- Leslie Howard and Elizabeth Allan
- Directed by: Alexander Korda
- Written by: Lajos Bíró Eliot Crawshay-Williams
- Story by: Ernest Vajda
- Produced by: Alexander Korda
- Starring: Leslie Howard George Grossmith Jr. Benita Hume Elizabeth Allan
- Cinematography: Philip Tannura
- Music by: Percival Mackey
- Production company: Paramount British Pictures
- Distributed by: Paramount British Pictures (UK) Paramount Pictures (US)
- Release dates: 14 January 1932 (UK); 20 June 1932 (US);
- Running time: 65-73 minutes
- Country: United Kingdom
- Language: English

= Service for Ladies (1932 film) =

1932 film

Service for Ladies (U.S. title: Reserved for Ladies) is a 1932 British comedy film directed by Alexander Korda and starring Leslie Howard and Elizabeth Allan. It was written by Lajos Bíró and Eliot Crawshay-Williams based on the novel The Head Waiter by Ernest Vajda, which had previously been adapted a 1927 silent film.

== Plot ==
Max Tracey is the highly respected head waiter at London's Grand Palace Hotel. He falls in love at first sight with Sylvia Robertson, a young woman staying at the hotel, even though he is carrying on an affair with Countess Ricardi. He impulsively joins Sylvia and her father when they leave for the Continent, much to her delight.

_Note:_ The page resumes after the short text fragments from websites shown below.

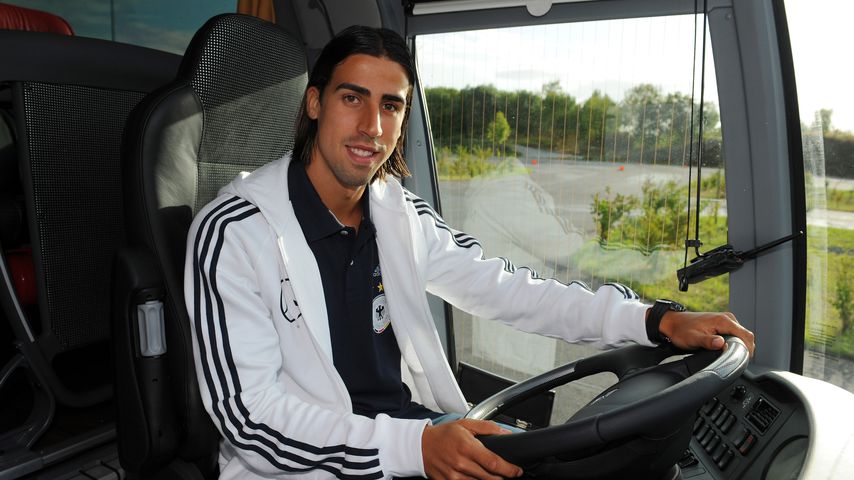 Möglicher Rücktritt: Sami Khedira über deutsche WM-Blamage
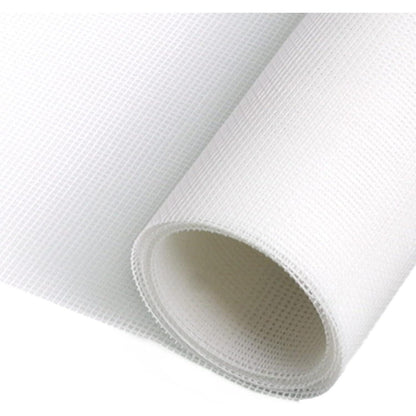 Fiberglas Fliegengitter Meterware 120x250cm – Schneidbar & Atmungsaktiv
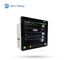 Wireless Data Transfer Multi Parameter Patient Monitor with 12.1'' Color TFT LCD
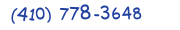Contacts Phone number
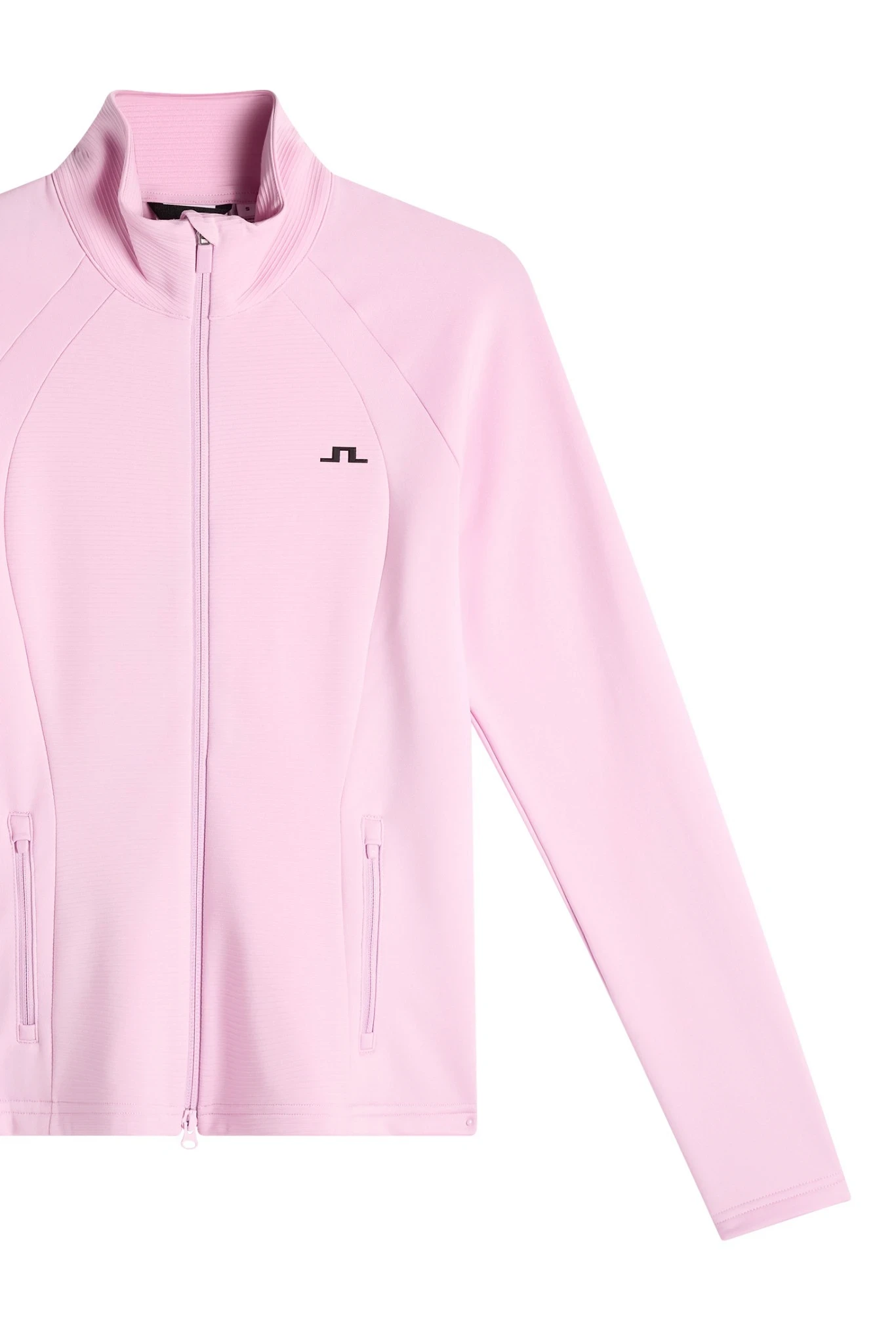 Mireya Full Zip Mid Layer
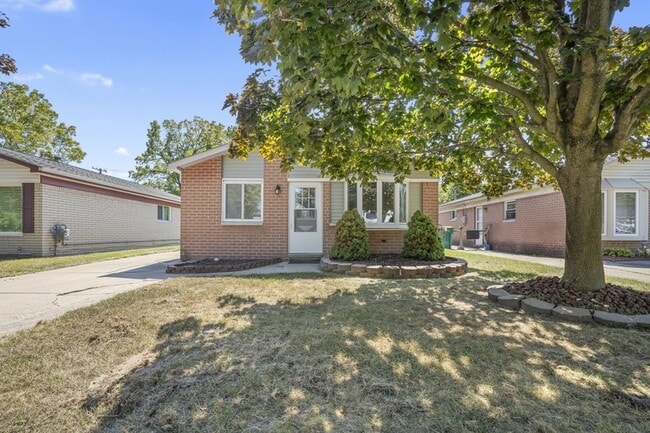 property at 23639 Liddle St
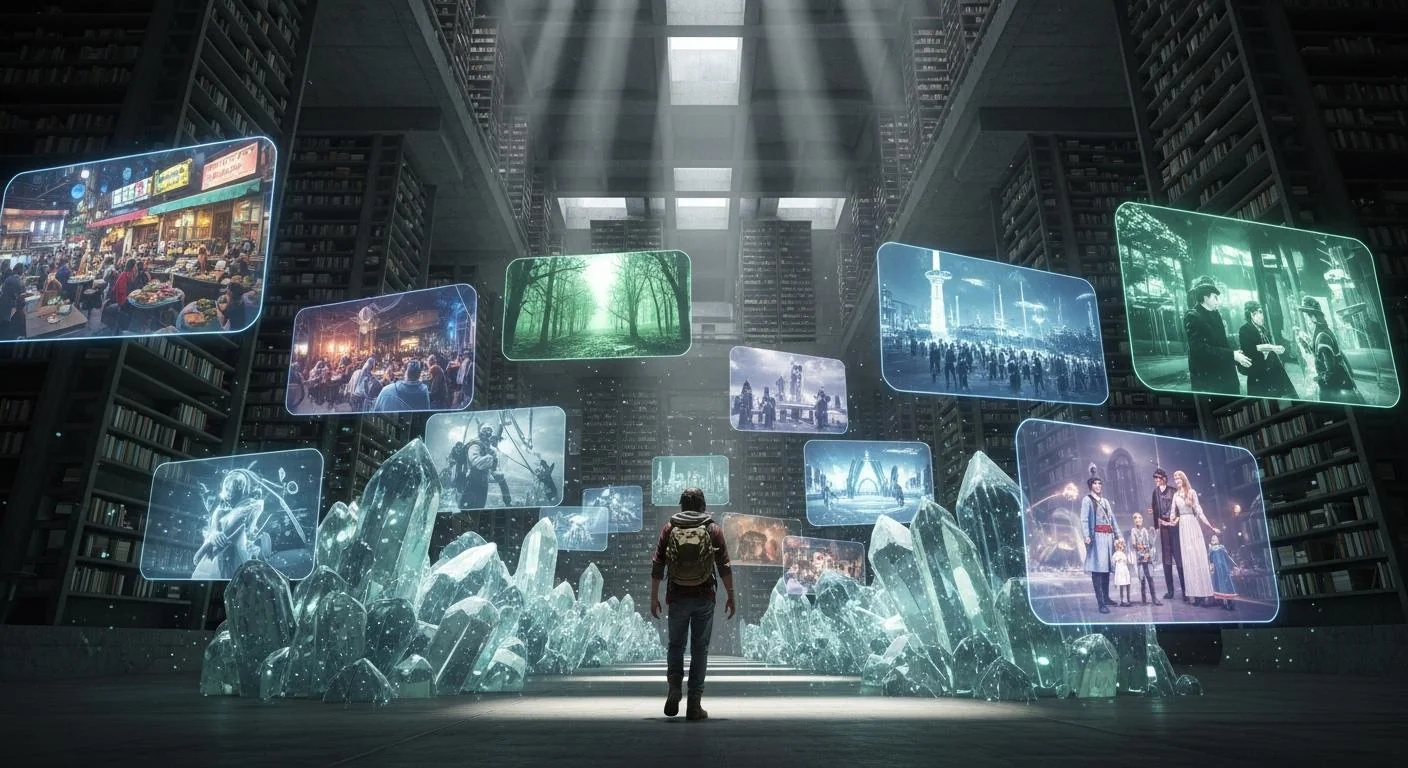 This is your journey's beginning and destination. picture 1 of 1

Max encounters a monarch traveling incognito as "Mr. Westlake", though all the guests at the hotel where Max and Sylvia are presently staying know who he is. The king knows Max and greets him warmly in the dining room in front of everyone. From this, everyone surmises that Max is a prince, also incognito. Max is pleased when Sylvia states that "social differences" do not matter to her, but before he can reveal his true identity, her father returns.

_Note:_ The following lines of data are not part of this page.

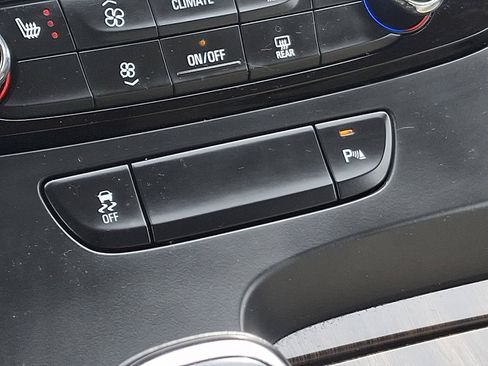 Used 2017 Buick LaCrosse Essence w/ Sights and Sounds Package image 25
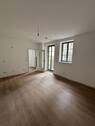 Küche & Essbereich - 1 Zimmer Etagenwohnung zur Miete in Bischofswerda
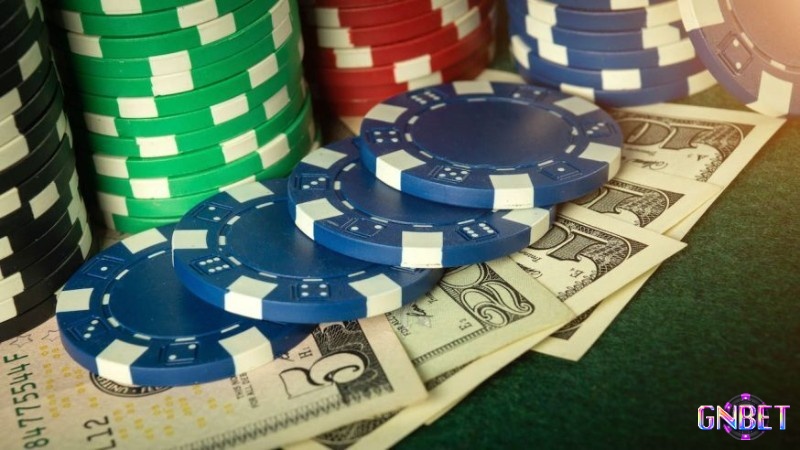 Trong một giải đấu bạn cần một bankroll đủ dày để có thể đảm bảo tỷ lệ thắng của mình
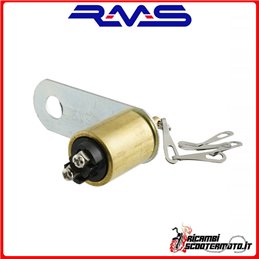 INTERRUPTOR DE PARADA UNIVERSAL RMS PIAGGIO VESPA 125 1948-1950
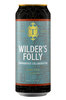Thornbridge Wilder's Folly Ruby Mild Ale Can 440ml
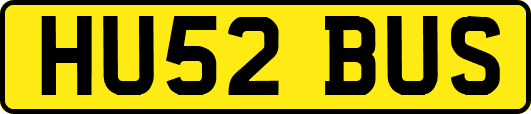 HU52BUS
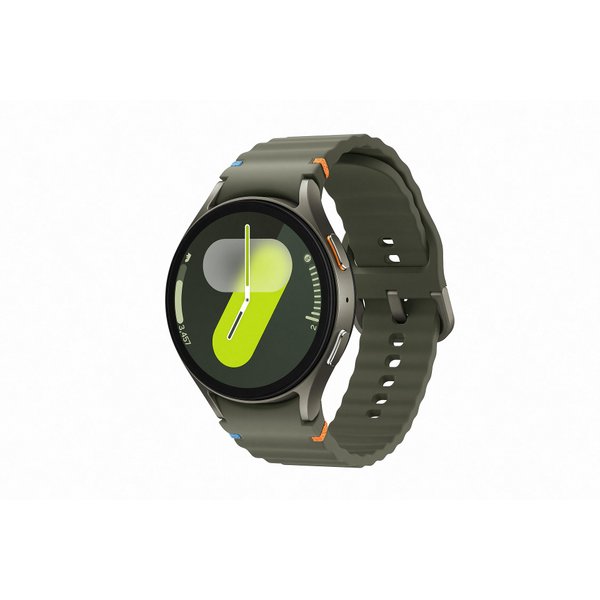 Смарт часовник Samsung GALAXY WATCH 7 44MM GREEN SM-L310NZGA , 1.47 , 2 , 32GB вградена памет , Exynos W1000 Смарт часовник Samsung GALAXY WATCH 7 44MM GREEN SM-L310NZGA , 1.47 , 2 , 32GB вградена памет , Exynos W1000 Изображение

Complications arise when Countess Ricardi shows up, having seen a newspaper photograph of Max and the king. The countess suspects that Max has fallen for another woman. Sylvia sees them together and her ardour cools, but her father persuades her to fight her rival for Max. Sylvia makes the acquaintance of Countess Ricardi, and Max ends up awkwardly dining with both women, Mr. Robertson and the king at the same table. Max decides to give Sylvia up. She goes to his room to try to make him change his mind, but though he is tempted, he tells her it is impossible. He returns to London. Mr. Robertson is furious and asks the king who Max is and where he can find him; the king tells him to come to dine with him at the Grand Palace Hotel for the answers.

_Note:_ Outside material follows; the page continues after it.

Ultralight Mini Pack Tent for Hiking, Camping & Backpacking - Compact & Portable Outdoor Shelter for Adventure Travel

Max is forced to serve the king and the Robertsons in the restaurant. Sylvia makes it painfully clear she does not associate with the lower classes. Then she insists that Max manage a private dinner party for her, even though that is the duty of another waiter. At the party, Sylvia behaves very spitefully towards Max, but Mr. Robinson is a different story. He confides to Max that he started out as a dishwasher, but he knew what he wanted and went after it. Then he encourages Max to do the same. Max reminds Sylvia he promised to kiss her. To avoid him doing so before her guests, she goes into another room. His kiss makes her change her mind, and they elope, leaving the guests waiting.

==Production==
Howard and Korda conducted field research in London hotel restaurants before shooting in 1931 in England.

==Critical reception==
Film Weekly wrote: "Clever dialogue and polished acting – especially on part of Leslie Howard – intelligently applied to piquant situations make Service for Ladies one of the most pleasing entertainment confections yet put out from a British studio."

Mordaunt Hall of the The New York Times, while noting that the film was a remake of the 1927 silent film, commented that it is "An intelligent comedy ... even more amusing than its predecessor." He continued, "It is indeed one of the outstanding British contributions, which reveals what can be done over there with American assistance ... It is genuinely refreshing, intelligent fun, the dialogue being clever and the incidents neatly arranged." Hall also complimented the performances of Howard ("splendid"), Allan ("charming"), Grossman ("capital") and Hume ("makes the most of the part").

Variety described the film as "Another crackerjack [British-made] picture" and commented on Korda's "commendable lightness of touch", aided by dialogue that allows "Howard and the rest of the cast plenty of opportunity for delicate playing."